▶ **GOAL OF THE EXERCISE**
A faithful copy of the data below is required, leaving out every picture.

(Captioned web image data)
################
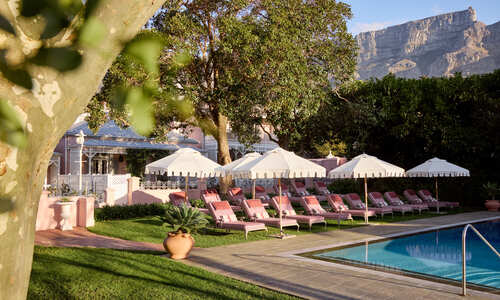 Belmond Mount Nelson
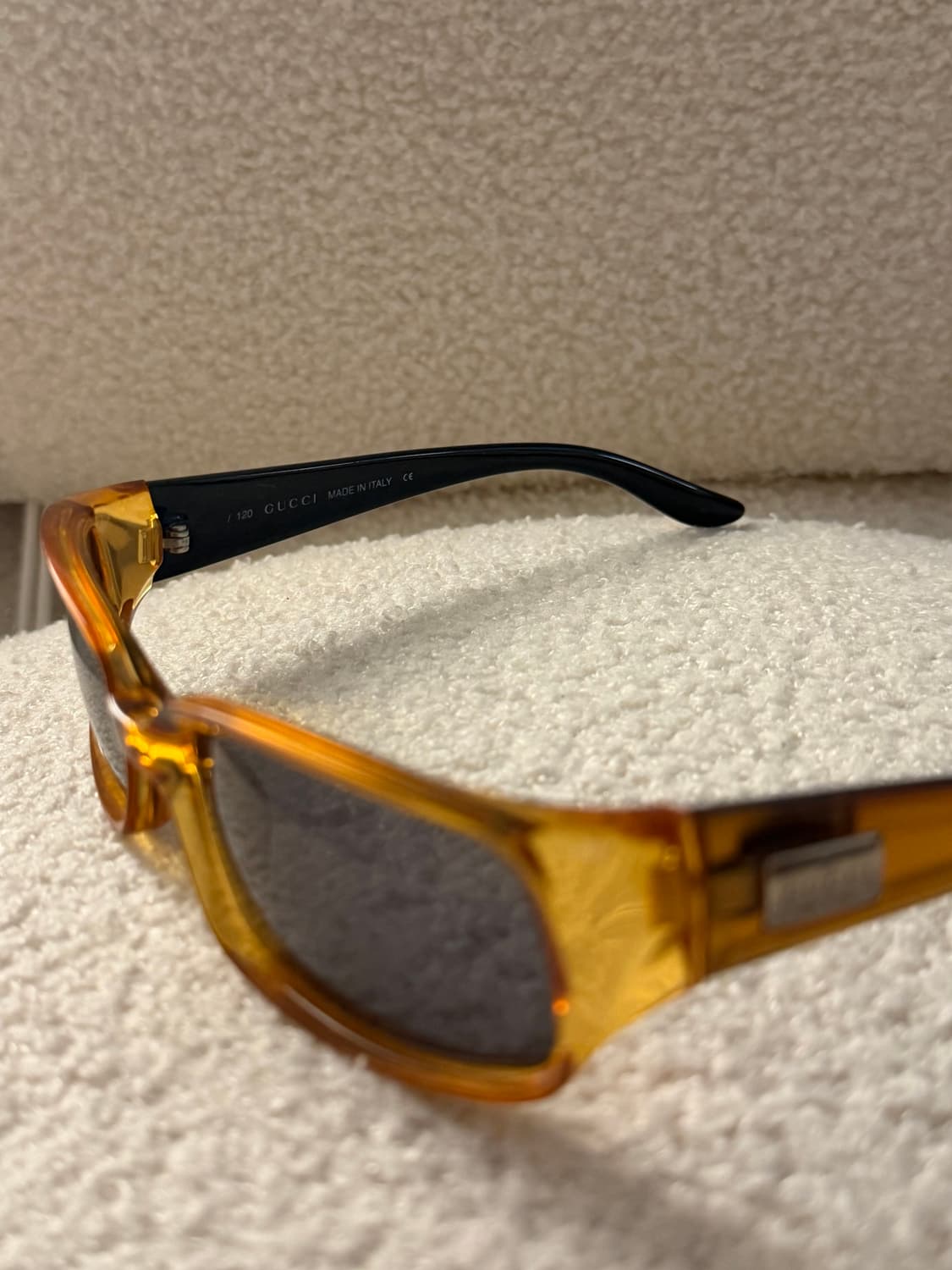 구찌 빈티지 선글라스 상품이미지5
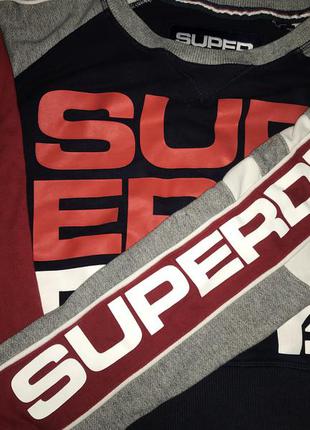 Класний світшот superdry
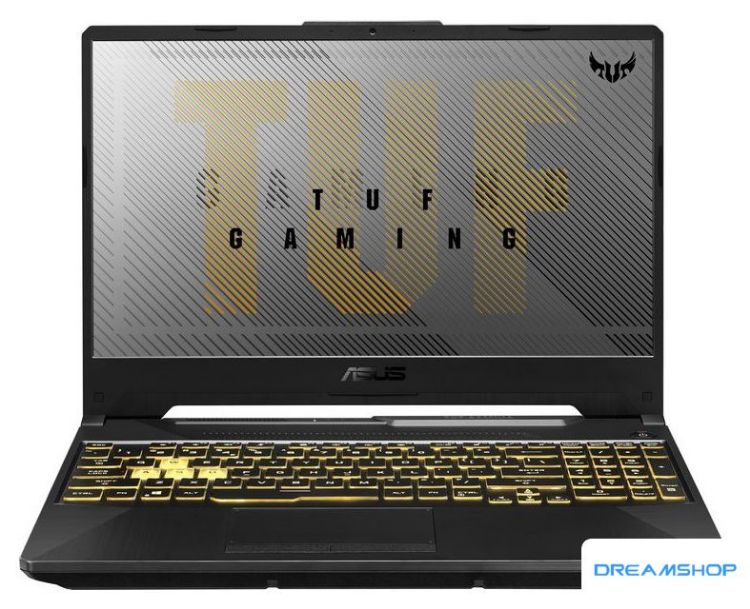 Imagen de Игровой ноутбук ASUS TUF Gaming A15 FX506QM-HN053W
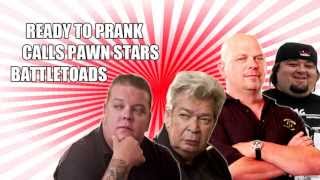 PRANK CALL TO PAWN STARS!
################
▶ **SOLUTION TO THE EXERCISE**
 Belmond Mount Nelson
 구찌 빈티지 선글라스 상품이미지5
 Класний світшот superdry
 Imagen de Игровой ноутбук ASUS TUF Gaming A15 FX506QM-HN053W
 PRANK CALL TO PAWN STARS!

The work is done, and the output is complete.